Actuar solo por presión en la lucha contra la trata, no genera resultados

Margarita Sánchez Cruz

Tlaxcala es uno de los estados más pequeños de México y se encuentra en una ubicación que ha sido aprovechada por las redes de tratantes tlaxcaltecas para enganchar a mujeres y niñas en 18 entidades de la República mexicana y además trasladarlas a otras 14 más para explotarlas sexualmente.

La acción de las redes de trata tlaxcaltecas no se ha limitado a operar en el territorio mexicano, están obligando a mujeres y niñas a prostituirse en los estados norteamericanos de Georgia (Atlanta), Alabama, Carolina del Sur, Florida (Miami), Nueva York, Illinois (Chicago), California (Los Ángeles) y Texas (Houston).

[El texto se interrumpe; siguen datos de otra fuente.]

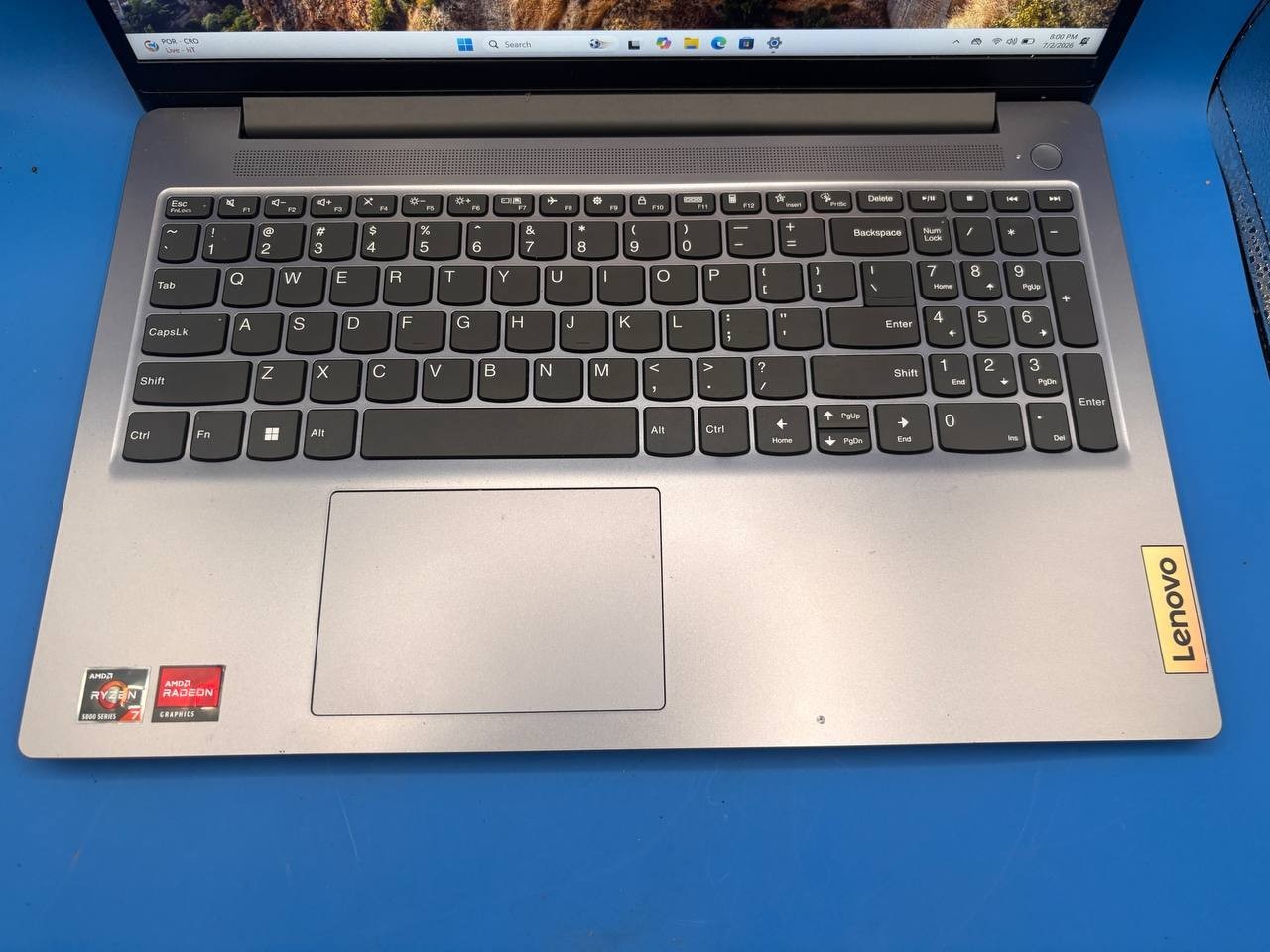LENOVO IDEAPAD SLIM 3 15ABR8 AMD RYZEN 7 5825U 512GB SSD 16GB Touch Screen PH9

Toda esta información se ha  obtenido a través de un seguimiento hemerográfico realizado por el Centro Fray Julián Garcés desde el año 2009 hasta marzo de 2017.


Esta realidad nos muestra cómo las mujeres y las niñas en nuestro país pueden ser sustraídas de sus comunidades y desde la impunidad y una lógica capitalista, son colocadas en el mercado como objetos que pueden ser vendidos, una y otra vez, a la vista de la sociedad y  de las autoridades.

Un actor clave que se ha invisibilizado y prácticamente legitimado por el sistema patriarcal y el sistema capitalista –argumentando que la solicitud de servicios sexuales es para satisfacer “necesidades”, sin ningún auto cuestionamiento,  ni cuestionamiento social de que su práctica favorece diariamente que niñas y mujeres sean enganchadas y explotadas sexualmente–, es el consumidor.

En otras palabras, para que el mercado de mujeres y niñas explotadas esté presente, se hace indispensable quien genere esa demanda, para que entonces exista quien las oferte, en este caso las redes de tratantes que explotan a mujeres y niñas, la interacción de estos actores en un marco de impunidad favorece que el mercado permanezca y aumente.

En la actualidad, con gran indignación, se puede afirmar que la explotación de mujeres y niñas sigue creciendo y los consumidores tienen una responsabilidad esencial en la prevalencia de este delito, junto con las autoridades estatales que son omisas.

Ni el anterior, ni el actual gobierno han sido capaces de darle vida a la Estrategia Estatal contra la Trata, a tal grado que actualmente tiene interpuesta una Solicitud de Alerta de Violencia de Género (SAVG) contra las mujeres desde agosto de 2016.

El actual gobierno se ha visto obligado a actuar por la presión de la SAVG, sin embargo, preocupa que estas acciones sean débiles porque no se encuentran articuladas, no cumplen el objetivo profundo de llegar a enfrentar realmente el delito e incluso en algunos casos como las propuestas de leyes que ha presentado el titular del Ejecutivo al Congreso Local, pareciera que representan un retroceso en la materia.

Asimismo, es preocupante que en los últimos seis meses –que son los mismos en los que el gobierno está implementando las acciones para que no se declare la AVGM–, en los medios de comunicación se revela que ha habido 12 mujeres asesinadas y ocho desaparecidas, situación que el Grupo de Trabajo que da seguimiento a las acciones gubernamentales respecto a la solicitud de declaratoria de la Alerta de Violencia de Género contra las Mujeres, deberá tomar en cuenta.

La Convención para la Represión de la Trata de Personas y de la Explotación de la Prostitución Ajena menciona: “… la trata de personas para fines de prostitución, son incompatibles con la dignidad y el valor de la persona humana y ponen en peligro el bienestar del individuo, de la familia y de la comunidad”.

Por ello, lo que plantea la convención es un llamado al gobierno en turno para que actúe no solo bajo la presión de los plazos, sino para que implemente integralmente todas las acciones contempladas en la Estrategia Estatal y en su Plan Sexenal, además de lo que ha establecido el Grupo de Trabajo, y no solo para que no se declare la Alerta en el estado, sino para que verdaderamente cambie la situación de violencia en la que nos encontramos  las mujeres.